» **Records for this task**:
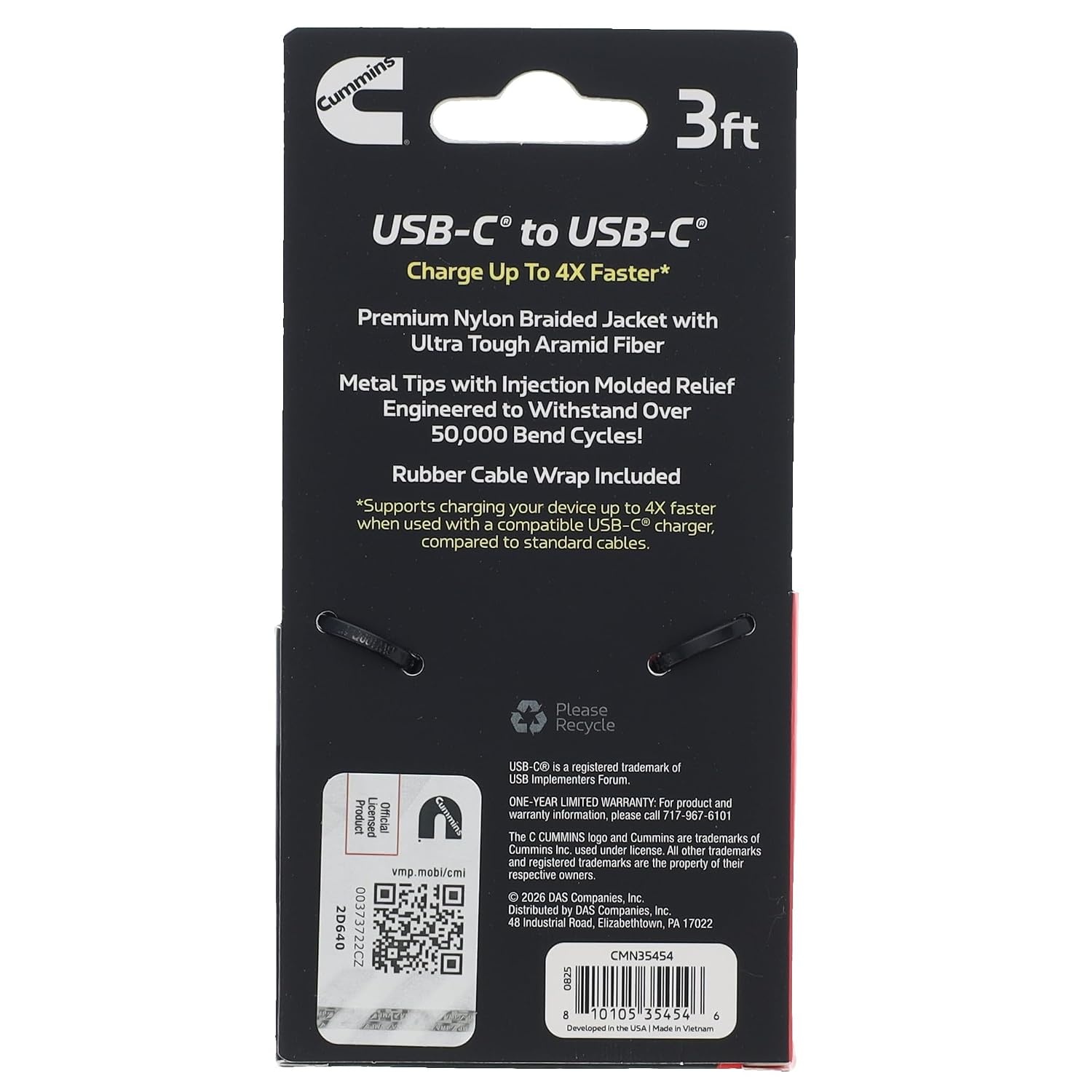 Cummins 3ft USB-C to USB-C Fast Charging Cable Compatible with iPhone and Samsung, Premium Braided Ultra-Durable Aramid Fiber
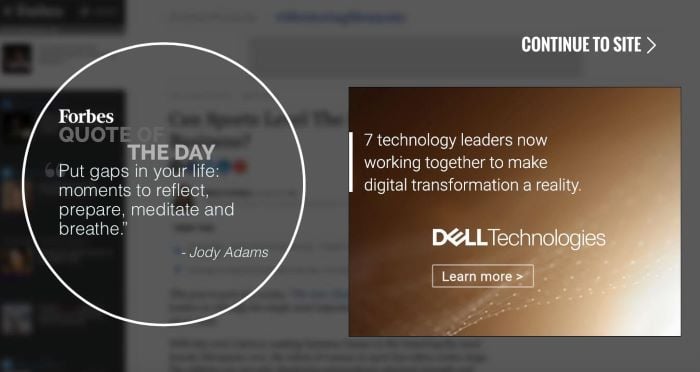 Interstitial on Dell website
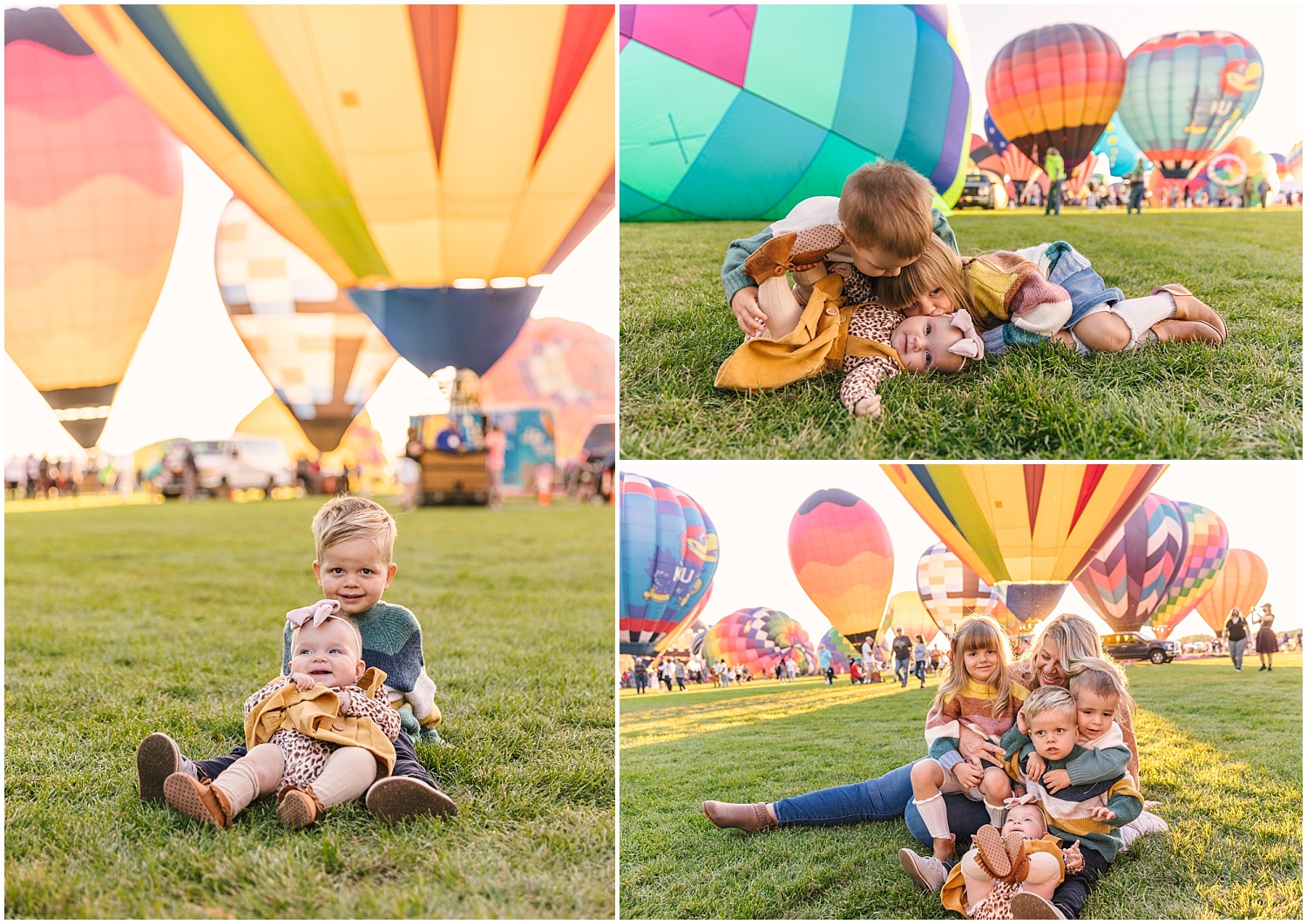 Cute family photos of little ones with grandma at the Albuquerque Balloon Fiesta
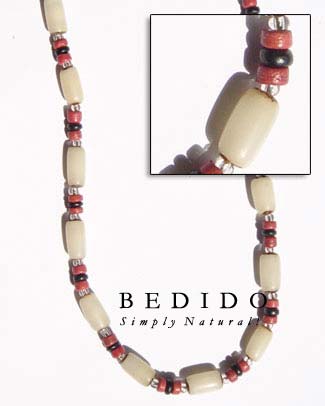 White Buri Seed Tube Seed Necklace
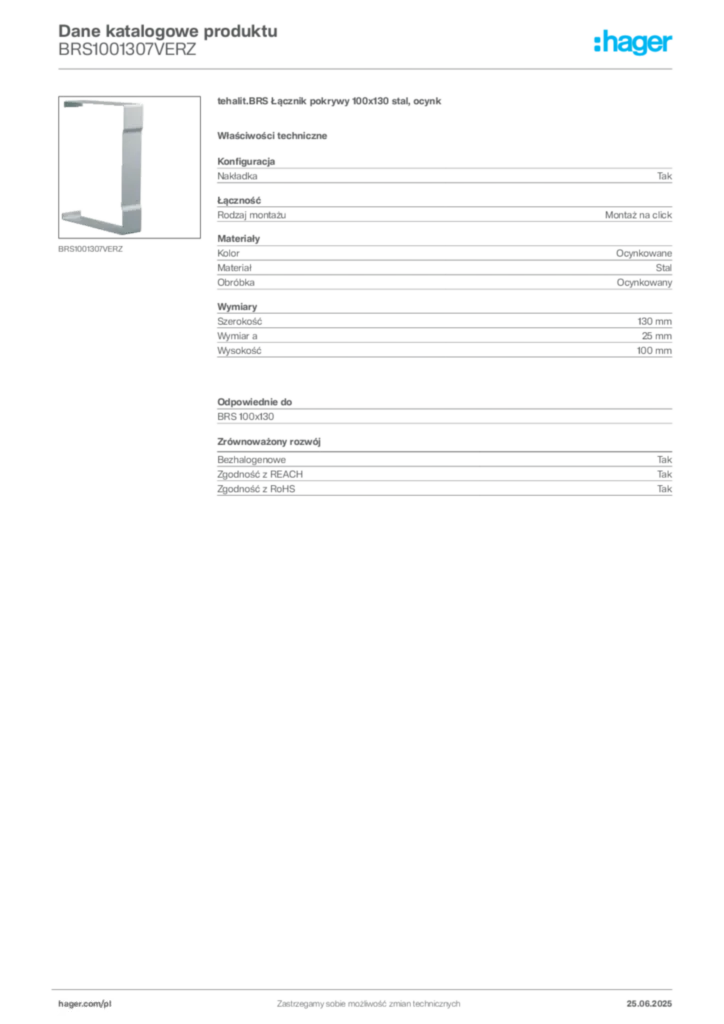 Zdjęcie Hager Karta katalogowa BRS1001307VERZ | Hager Polska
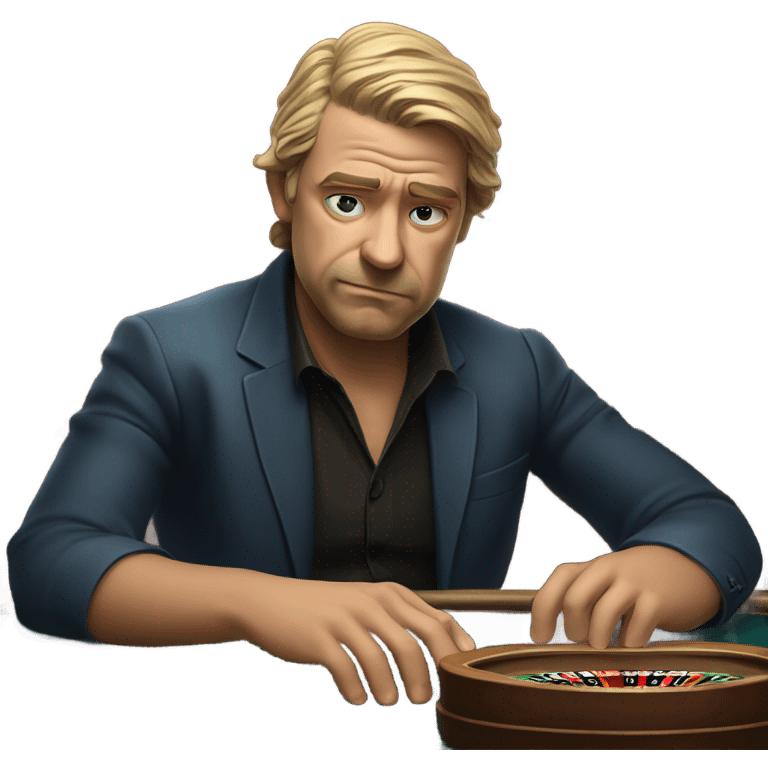 Man sad after losing bets in a casino emoji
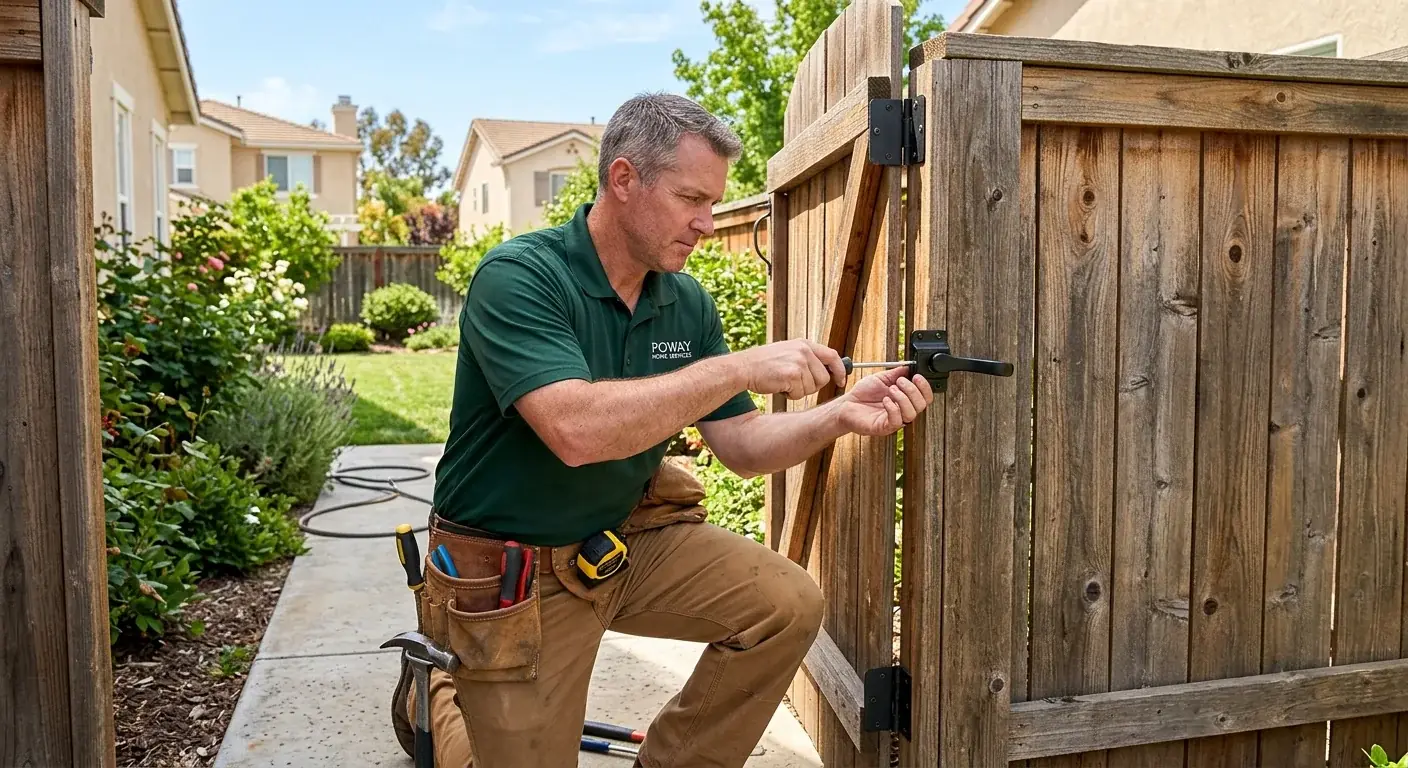 A handyman adjusting a gate latch on a wooden fence in a sunny Poway backyard, typical suburban neighborhood setting.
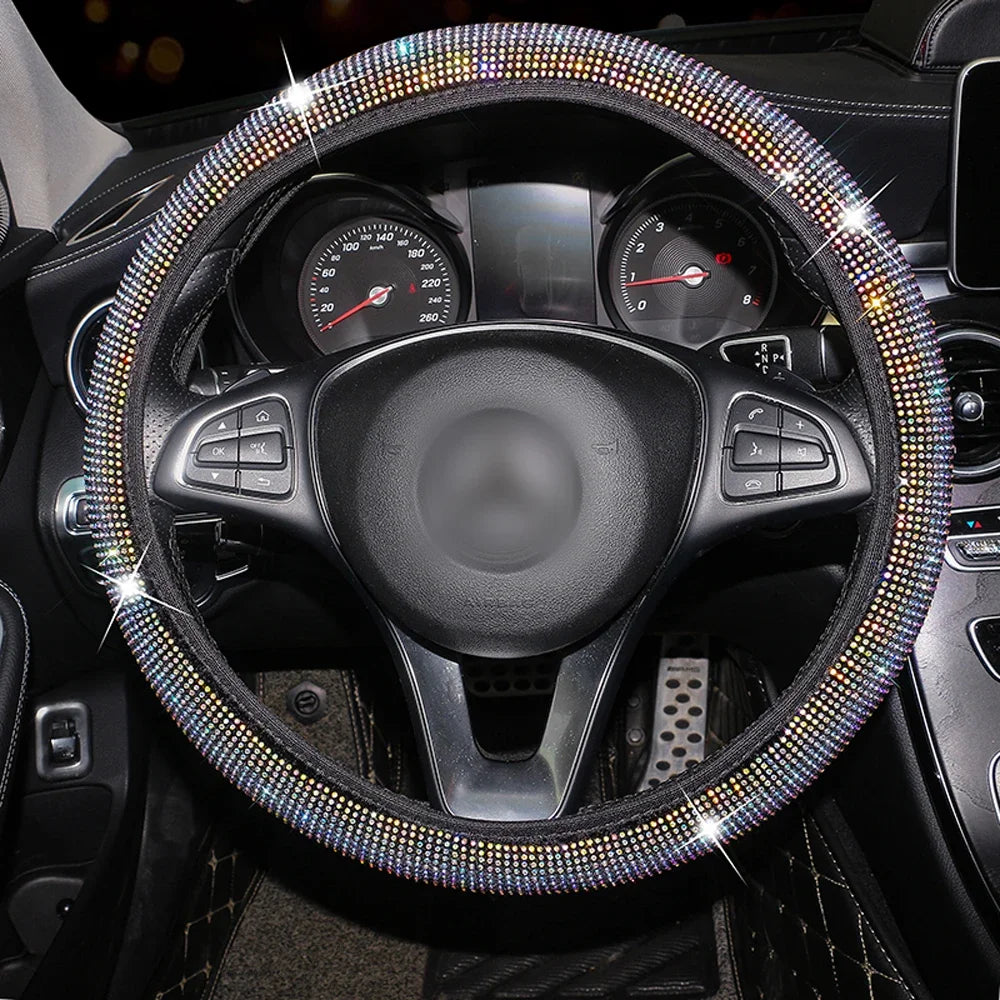 Fashion Crystal Car Steering Wheel Cover 38cm Breathable Anti Slip PU Rhinestone Car Decoration Diamond Car Accessories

» **Task details**: Please print everything in the material exactly, apart from the pictures.

» **Result for this task**:
 Cummins 3ft USB-C to USB-C Fast Charging Cable Compatible with iPhone and Samsung, Premium Braided Ultra-Durable Aramid Fiber
 Interstitial on Dell website
 Cute family photos of little ones with grandma at the Albuquerque Balloon Fiesta
 White Buri Seed Tube Seed Necklace
 Zdjęcie Hager Karta katalogowa BRS1001307VERZ | Hager Polska
 Man sad after losing bets in a casino emoji
 A handyman adjusting a gate latch on a wooden fence in a sunny Poway backyard, typical suburban neighborhood setting.
 Fashion Crystal Car Steering Wheel Cover 38cm Breathable Anti Slip PU Rhinestone Car Decoration Diamond Car Accessories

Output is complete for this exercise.